# REQUIRED WORK
Print, exactly as they stand, the lines below from the one that has "Silver Bell Snowman Wine Label Download" to the one that has "BAD TIMING, Art", inclusive, leaving out the pictures.
(INPUT)
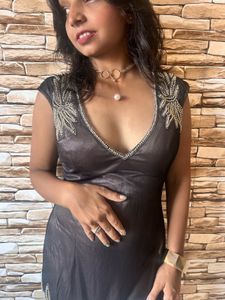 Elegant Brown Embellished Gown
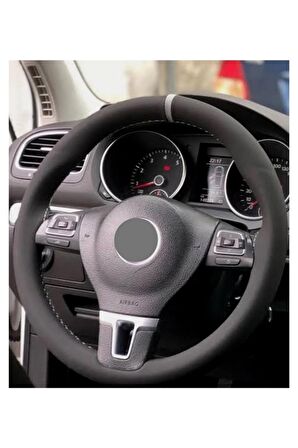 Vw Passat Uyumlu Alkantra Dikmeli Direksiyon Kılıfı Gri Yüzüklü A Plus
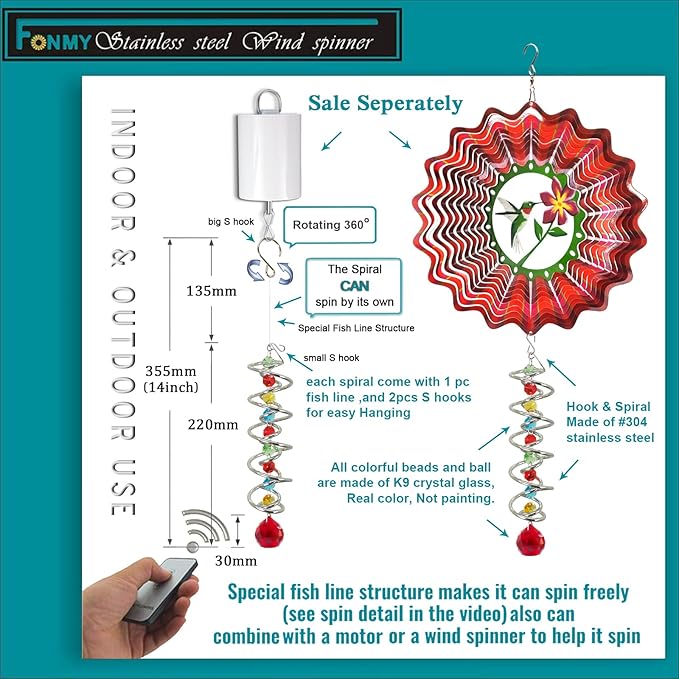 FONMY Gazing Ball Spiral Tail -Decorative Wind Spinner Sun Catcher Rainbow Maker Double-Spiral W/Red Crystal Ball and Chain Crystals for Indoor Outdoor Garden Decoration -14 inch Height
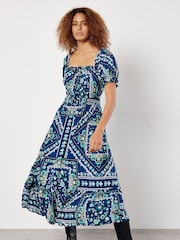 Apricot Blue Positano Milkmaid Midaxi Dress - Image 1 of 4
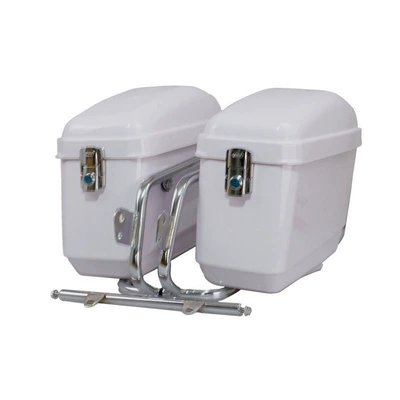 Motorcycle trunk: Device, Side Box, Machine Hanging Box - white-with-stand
(End INPUT)
(INPUT)
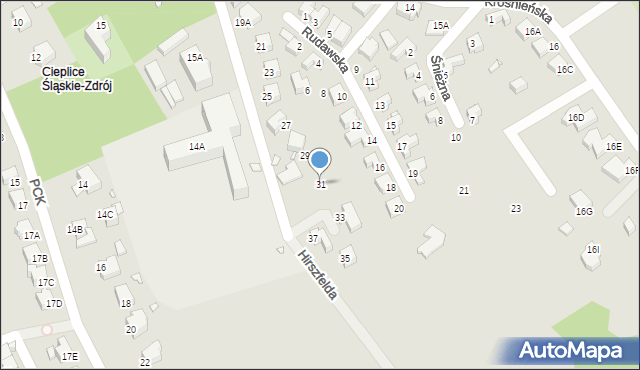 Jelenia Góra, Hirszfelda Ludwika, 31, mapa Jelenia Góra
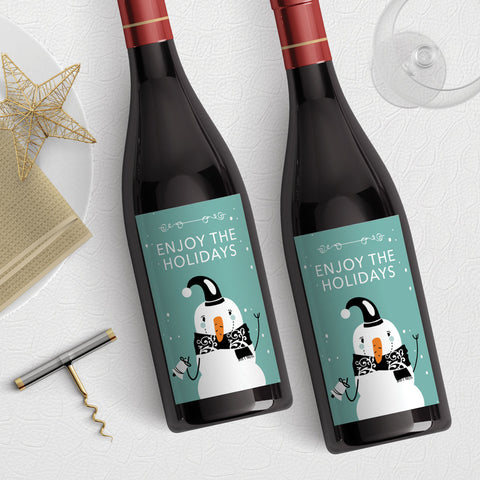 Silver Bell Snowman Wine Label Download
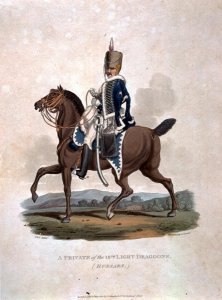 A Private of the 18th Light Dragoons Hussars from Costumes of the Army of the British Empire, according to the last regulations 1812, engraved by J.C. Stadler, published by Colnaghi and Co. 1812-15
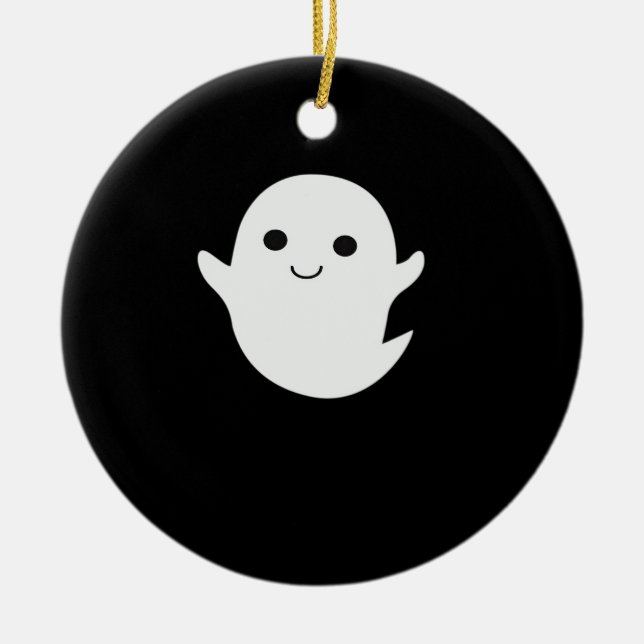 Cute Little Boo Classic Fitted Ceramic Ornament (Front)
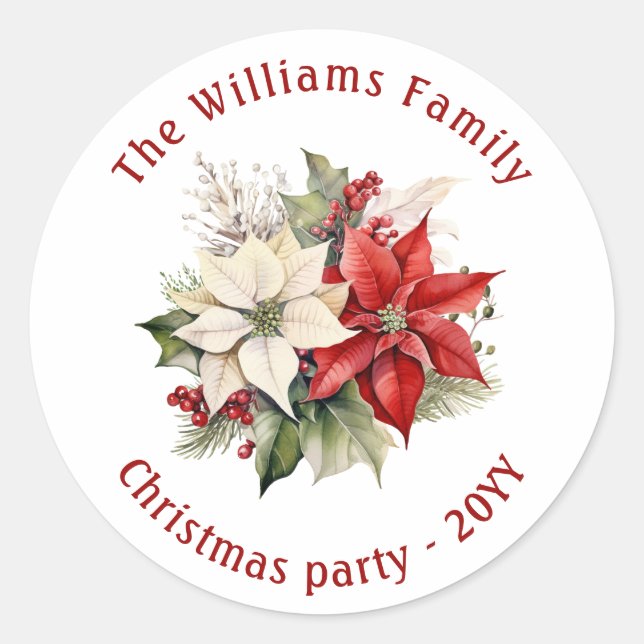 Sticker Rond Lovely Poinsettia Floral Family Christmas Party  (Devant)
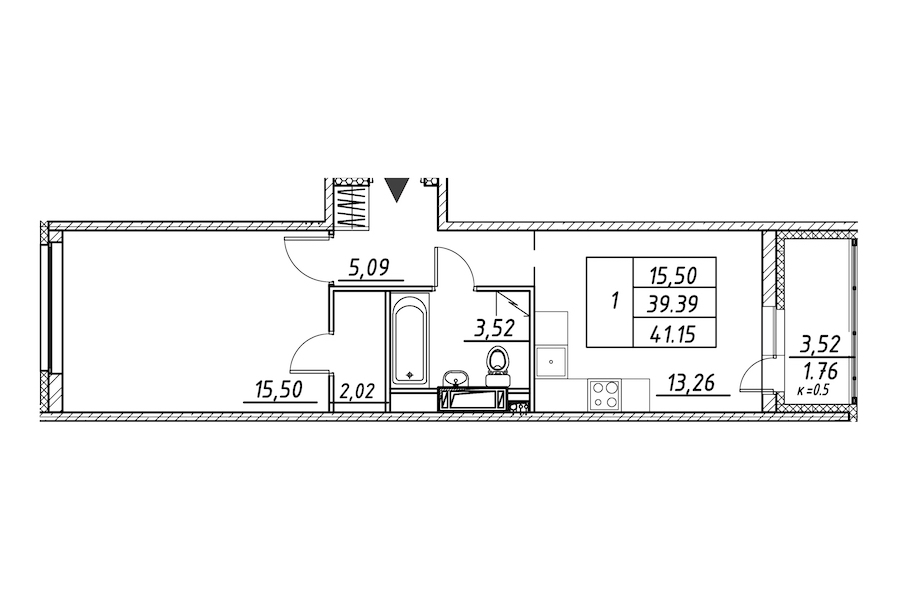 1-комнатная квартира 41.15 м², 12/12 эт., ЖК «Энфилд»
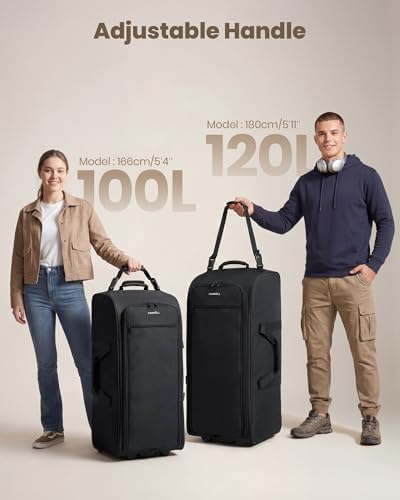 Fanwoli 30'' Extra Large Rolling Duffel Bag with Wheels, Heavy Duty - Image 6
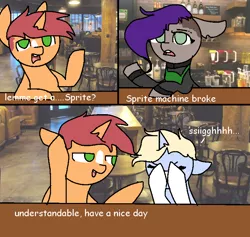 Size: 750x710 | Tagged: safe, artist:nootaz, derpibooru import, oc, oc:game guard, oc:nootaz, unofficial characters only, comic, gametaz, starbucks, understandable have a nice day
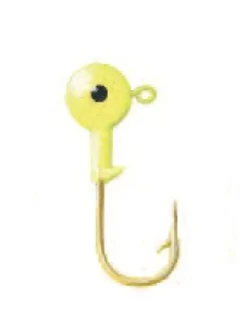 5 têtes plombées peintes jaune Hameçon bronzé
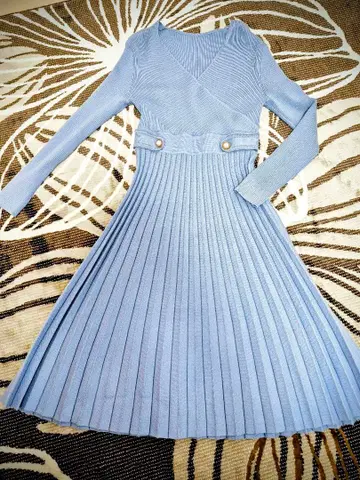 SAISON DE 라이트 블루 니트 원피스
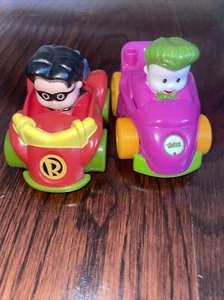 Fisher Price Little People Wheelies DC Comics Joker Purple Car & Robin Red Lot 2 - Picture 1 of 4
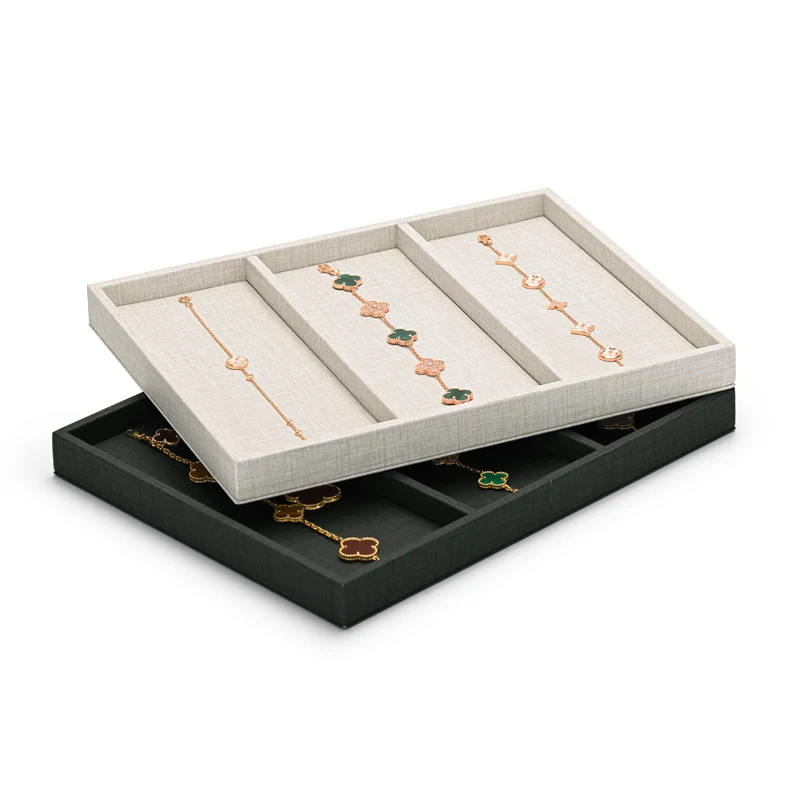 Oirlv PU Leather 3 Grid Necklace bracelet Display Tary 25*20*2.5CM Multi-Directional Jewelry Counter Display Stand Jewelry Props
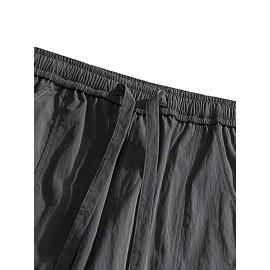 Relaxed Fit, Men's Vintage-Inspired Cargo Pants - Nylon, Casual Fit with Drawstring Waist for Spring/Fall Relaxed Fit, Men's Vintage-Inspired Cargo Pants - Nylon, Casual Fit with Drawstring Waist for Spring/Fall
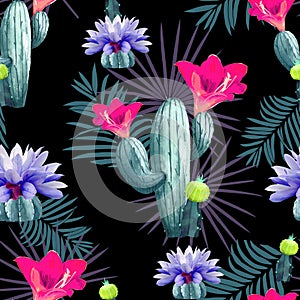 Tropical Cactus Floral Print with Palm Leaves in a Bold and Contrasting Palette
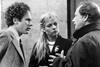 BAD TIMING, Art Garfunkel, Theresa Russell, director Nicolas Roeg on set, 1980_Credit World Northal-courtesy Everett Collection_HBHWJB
(End INPUT)
(INPUT)
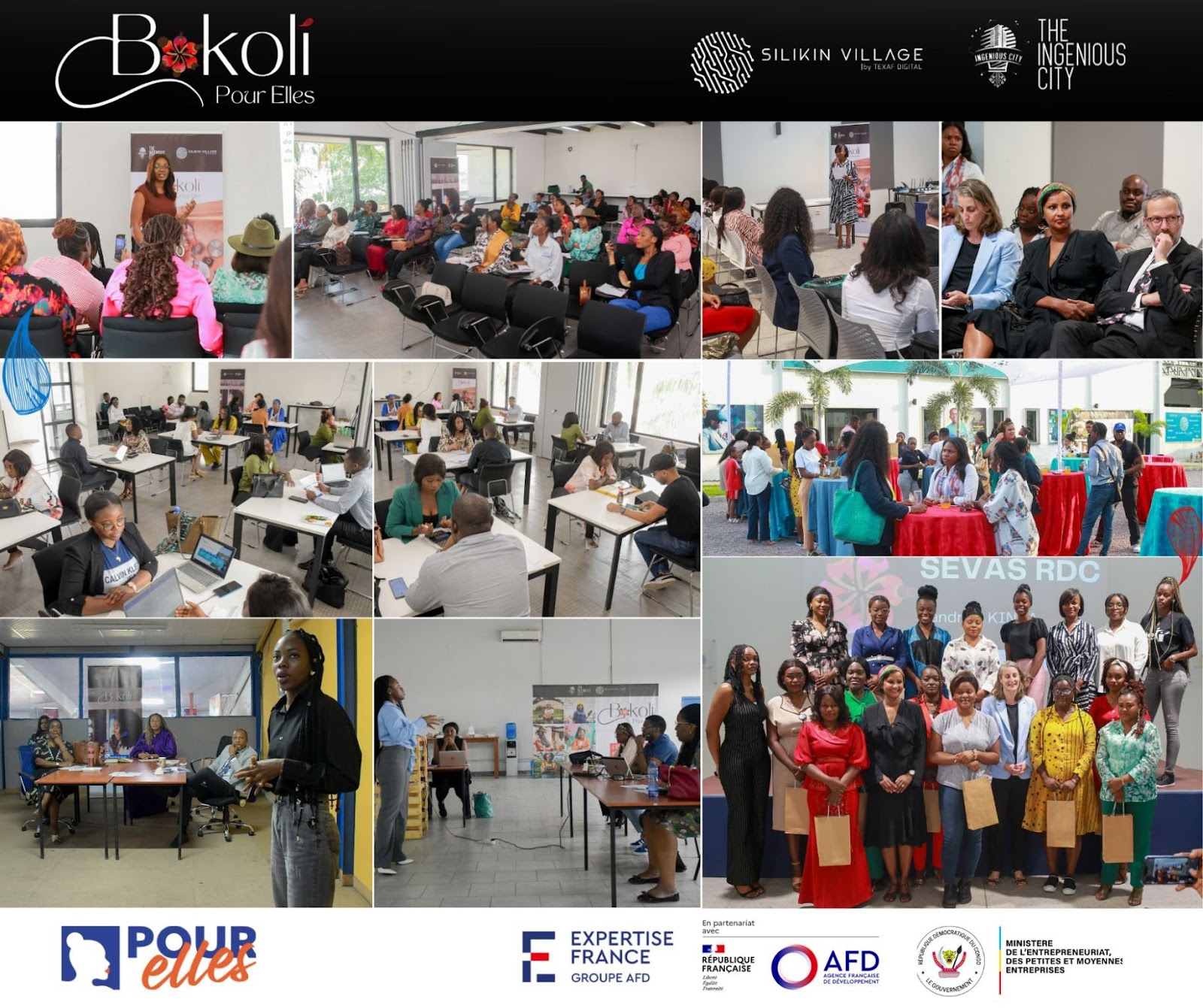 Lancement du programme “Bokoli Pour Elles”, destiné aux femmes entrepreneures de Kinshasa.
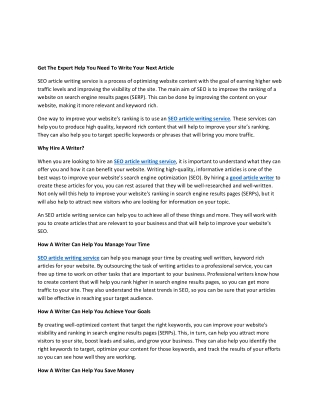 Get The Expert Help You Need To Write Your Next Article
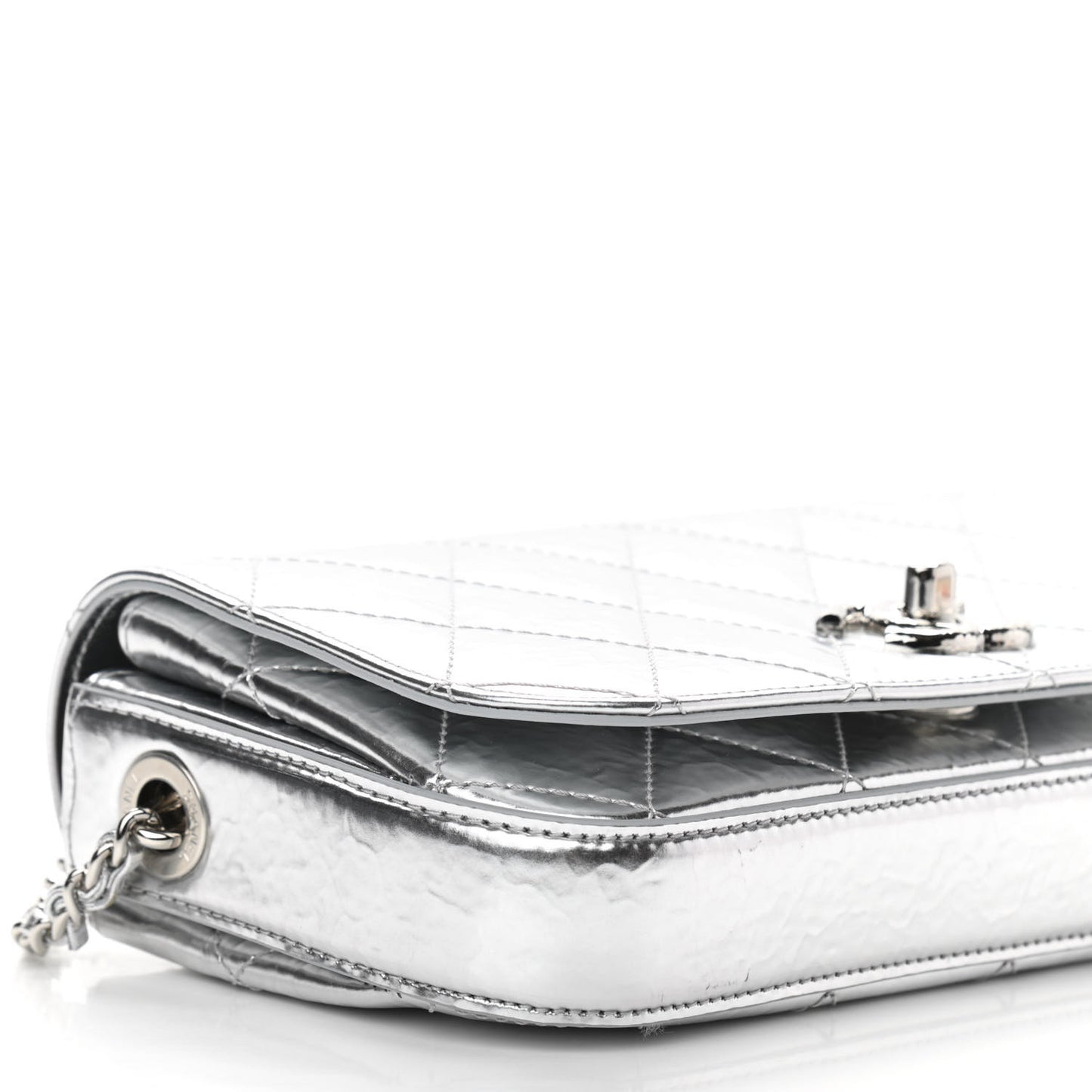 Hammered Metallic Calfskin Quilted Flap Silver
(End INPUT)
# SOLUTION TO THIS EXERCISE
 Silver Bell Snowman Wine Label Download
 A Private of the 18th Light Dragoons Hussars from Costumes of the Army of the British Empire, according to the last regulations 1812, engraved by J.C. Stadler, published by Colnaghi and Co. 1812-15
 Cute Little Boo Classic Fitted Ceramic Ornament (Front)
 Sticker Rond Lovely Poinsettia Floral Family Christmas Party  (Devant)
 1-комнатная квартира 41.15 м², 12/12 эт., ЖК «Энфилд»
 Fanwoli 30'' Extra Large Rolling Duffel Bag with Wheels, Heavy Duty - Image 6
 Size: 750x710 | Tagged: safe, artist:nootaz, derpibooru import, oc, oc:game guard, oc:nootaz, unofficial characters only, comic, gametaz, starbucks, understandable have a nice day
 5 têtes plombées peintes jaune Hameçon bronzé
 SAISON DE 라이트 블루 니트 원피스
 Fisher Price Little People Wheelies DC Comics Joker Purple Car & Robin Red Lot 2 - Picture 1 of 4
 Oirlv PU Leather 3 Grid Necklace bracelet Display Tary 25*20*2.5CM Multi-Directional Jewelry Counter Display Stand Jewelry Props
 Relaxed Fit, Men's Vintage-Inspired Cargo Pants - Nylon, Casual Fit with Drawstring Waist for Spring/Fall Relaxed Fit, Men's Vintage-Inspired Cargo Pants - Nylon, Casual Fit with Drawstring Waist for Spring/Fall
 Tropical Cactus Floral Print with Palm Leaves in a Bold and Contrasting Palette
 BAD TIMING, Art Garfunkel, Theresa Russell, director Nicolas Roeg on set, 1980_Credit World Northal-courtesy Everett Collection_HBHWJB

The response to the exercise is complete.